Watch what happens as soon as Noah and his family exit the ark onto dry land.

18 So Noah went out, and his sons and his wife and his sons’ wives with him.

19 Every beast, every creeping thing, and every bird, everything that moves on the earth, went out by families from the ark.

They’ve been trapped inside for over a year! But I don’t imagine the scenery, or the smell was pleasant as they exited the ark. The remnants of death and destruction were everywhere. But watch what happens.

20 Then Noah built an altar to the Lord and took some of every clean animal and some of every clean bird and offered burnt offerings on the altar.

When Noah finally gets off the boat, the first thing he does is worship. But his worship involved sacrificing some of the animals he just kept alive for over a year!

The world has just suffered incredible loss of life, not just humans but animals as well. And then Noah immediately kills more animals! And God is pleased by it!
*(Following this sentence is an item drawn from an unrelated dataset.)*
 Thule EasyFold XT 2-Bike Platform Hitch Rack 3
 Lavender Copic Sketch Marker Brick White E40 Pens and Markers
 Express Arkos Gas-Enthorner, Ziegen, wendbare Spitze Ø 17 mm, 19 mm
21 And when the Lord smelled the pleasing aroma, the Lord said in his heart, “I will never again curse the ground because of man, for the intention of man’s heart is evil from his youth. Neither will I ever again strike down every living creature as I have done.
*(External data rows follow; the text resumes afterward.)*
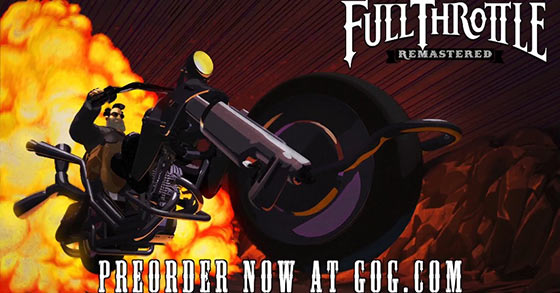 Full throttle remastered trophy guide
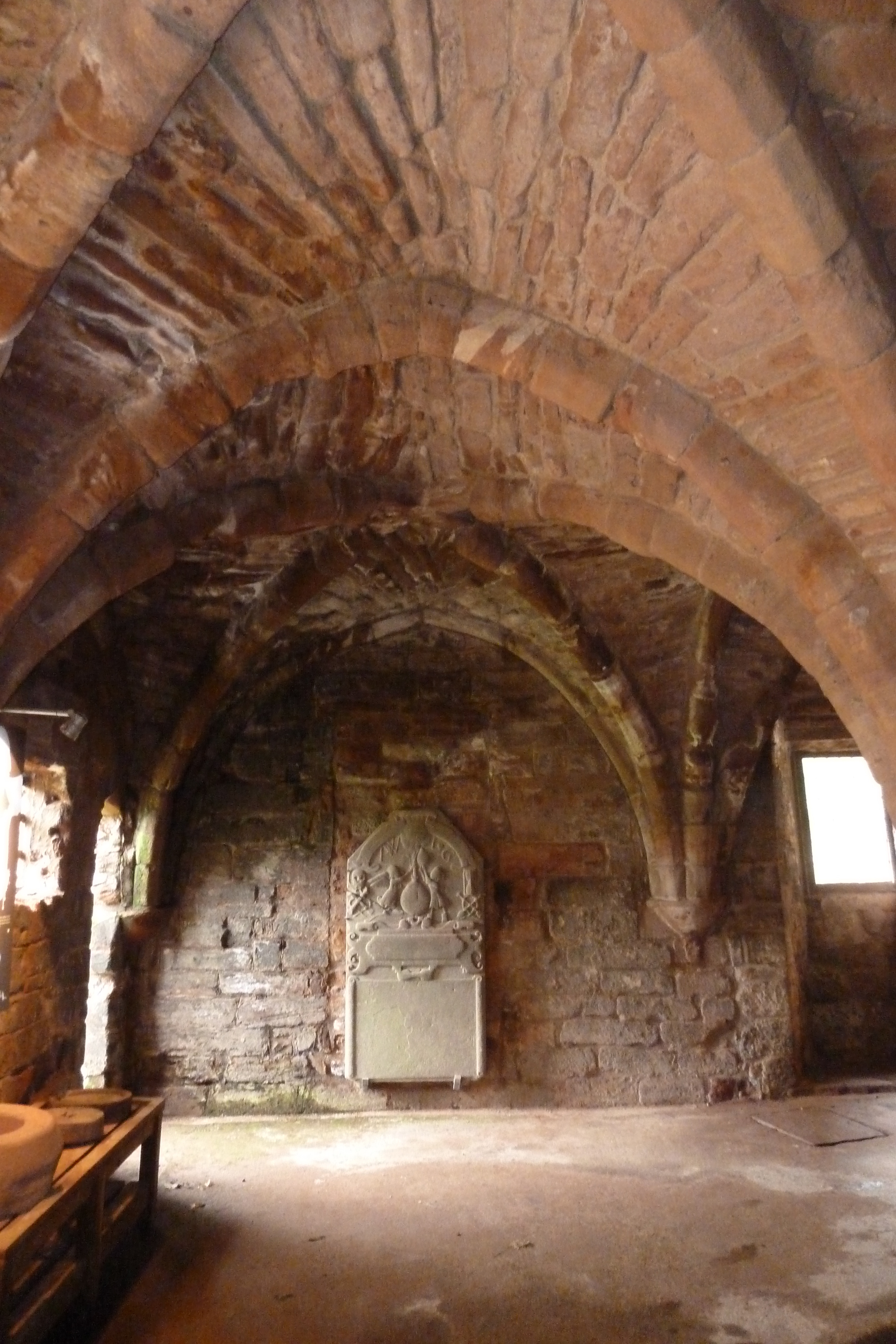 照片 英国(United Kingdom) 苏格兰(Scotland) 阿布罗斯修道院(Arbroath Abbey) 2011-07 34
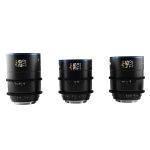 LAOWA Argus FF Cine 3-Lens Bundle - 28mm, 35mm, 45mm - Nikon Z Set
22 While the earth remains, seedtime and harvest, cold and heat, summer and winter, day and night, shall not cease.”

Then God makes a covenant with Noah to that affect and creates the first rainbow as a sign of His covenant with Noah. A covenant is a divine pact or a blood oath, something we’re going to talk a lot about in this series.

Notice that God makes this covenant in full knowledge that man will go on sinning. And it’s here that we find the hope of grace – that there is a way for humans to not get what we deserve.

God here is resolving not to give up on the world. He sees our rebellion and He is responding with grace. There is a way to find favor with God.

On the Road to Emmaus, Jesus told His disciples that all the Scriptures point to Him—including this story. The flood wasn’t just an act of judgment. It was also an act of preservation, to ensure that the line leading to Jesus would endure. The ark didn’t just carry Noah—it carried a promise.

And now, we live on the other side of that promise fulfilled. We don’t look to a wooden boat for our rescue. We look to a wooden cross. Jesus is the better Noah—He entered the flood of judgment for us, so that we could be lifted up and carried safely to dry ground.

This story forces us to come to terms with the seriousness of sin. But it also gives us the clearest picture so far in the Bible of grace—grace that chooses, grace that saves, and grace that endures in spite of our sin.